Japan Eyes Shift in Indonesia Aid Policy

by Piyaporn Hawiset

16 November 1999

Japan, Indonesia's biggest aid donor, decided to shift the focus of its financial aid to Jakarta away from pumping money into the bust economy and towards providing technical expertise, government sources say. This has become apparent to Japan because of the huge levels of corruption, mismanagement and lack of transparency in Indonesia.

The change in approach is based on Tokyo's view that the effectiveness of the multi-billion dollar loans it has committed to Indonesia have been blunted by a lack of legal know-how and the country's shattered banking system, as well as corruption siphoning off as much as 65 percent of the funds applied to development and construction of infrastructure. It views Indonesia's Ministry of Public Works extremely corrupt with venal officers stealing vast amounts of development funds aimed at improving society through infrastructural development.

"We need to offer a type of assistance that would help Indonesia develop sound clearing banks that would allow aid loans to flow smoothly to industries and commiunities needing money," said an official at the Japan International Cooperation Agency (JICA).

Japan start talks on economic cooperation with the new government of President Abdurrahman Wahid at the end of November.

Japanese Aid Seen Ineffective Without Reform

Tokyo has committed $2.78 billion to Indonesia as part of its $30 billion "New Miyazawa Initiative" financial aid package for troubled Asian nations announced in October 1999. But Indonesia's paralysed and corrupt banking system has prevented the money from filtering through to industries that desperately need it, sources in Tokyo involved in development assistance said.

"Indonesian banks are so burdened by bad debts that they have literally lost credit-extending functions," said one source.
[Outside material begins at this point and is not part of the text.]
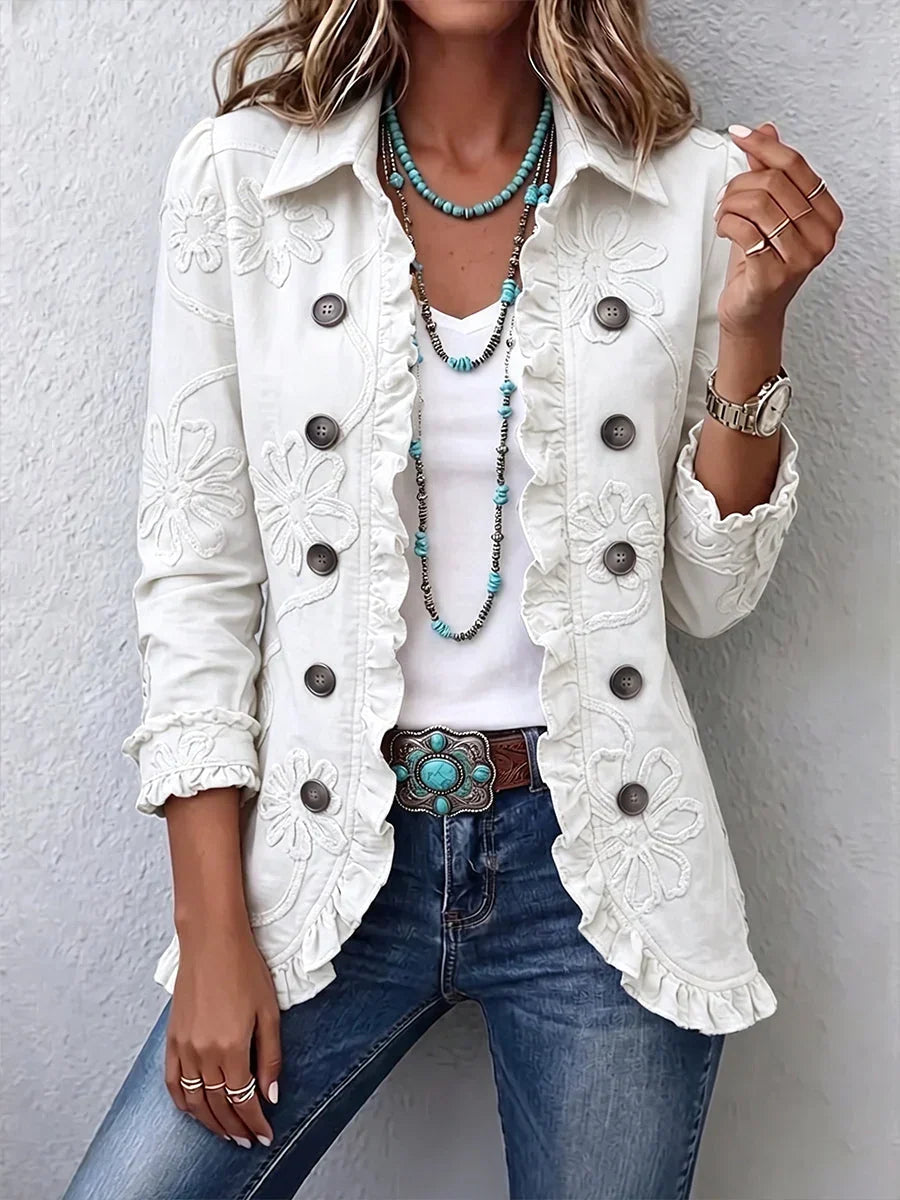 Women's Floral Embroidered Jacket with Ruffle Trim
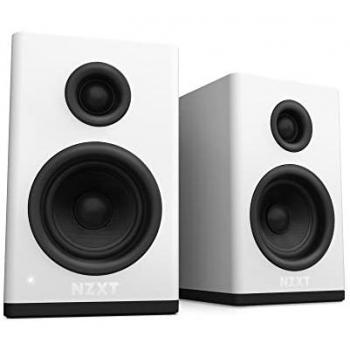NZXT Relay Altavoces de sobremesa para PC gaming - AP-SPKW2-EU - Sonido de rango completo - 80 vatios - Alto rango dinámico - Tweeters de cúpula de seda - Woofers de fibra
Indonesian banks' non-performing loans were estimated by analysts to exceed 60 percent of their total loans. Most of these loans were extended with considerable winking to members of the economic and political elite, Soeharto family members and friends, and associated cronies. It was pseudo-legal theft of the deposits held by the banks. Most depositors have yet to see the money in their deposits despite all osrts of promises made by the banks. Vast numbers of ordinary Indonesians saw their life savings wiped out.

A major obstacle to the revitalisation of Indonesia's banking system was a lack of people with required skills in financial and legal professions, analysts said. This was a polite way of saying that Indonesia's banking system lacks the requiste number of people who are not venal or associated with the corrupt economic and political elite, or were willing to work in an honest and transparent manner.

Keishi Sugiura, senior economist at Fujitsu Research Institute, said that while South Korea's bankruptcy law had been highly effective in speeding up bad loan settlements, Indonesia had suffered from a lack of "expertise".

"Indonesia also has a bankruptcy law. But the problem is, there aren't enough legal experts such as receivers to run the system. As a result, the whole process of cleaning up bad loans has stalled," Sugiura said. "Furthermore, the judiciary is corrupt and part and parcel of the same rackets that have led to the economic collapse."

Transparent Banking Know-How Needed

To help Japan's aid loans perform their intended role, Tokyo would focus its efforts on providing Indonesia with financial know-how, officials at the Ministry of Finance and the Foreign Minstry said.

JICA, a government-affiliated agency which conducts technical cooperation in Japan's overseas aid programs, plans to send about 50 Japanese financial experts from the private sector to Southeast Asian nations, including Indonesia, before the end of March 2000. To help Indonesia boost its exports, which account for about 40 percent of the nation's gross domestic product, JICA is also conducting a joint study with Indonesia on export promotion. The sectors being studied are food and beverage, wood products, textile, electronic parts, machinery parts and auto parts.

"If Indonesian exporters succeed in taking advantage of the rupiah's weakness, that could considerably contribute to an improvement in its balance of payments," the JICA official said. JICA plans to complete the export study and produce a set of proposals by February 2000.

Restraining Foreign Borrowing Seen Key

Analysts said Japan's plan to focus its aid on technical assistance could help ease Indonesia's heavy foreign debt burden, which stood at nearly $70 billion by the end of November 1999. Fujitsu Research' Sugiura said: "I wouldn't say that infrastructure projects are useless, but efforts to hold down external debts are more important for Indonesia at this moment. Because of the massive corruption in Indonesia, it is fair to say that for the most part infrastructure projects have been ineffective, particularly with providing basic needs at the grass-roots level."

Since 1968, about three-quarters of Japan's bilateral development aid loans to Indonesia have been in the form of project loans, used to improve social and economic infrastructure.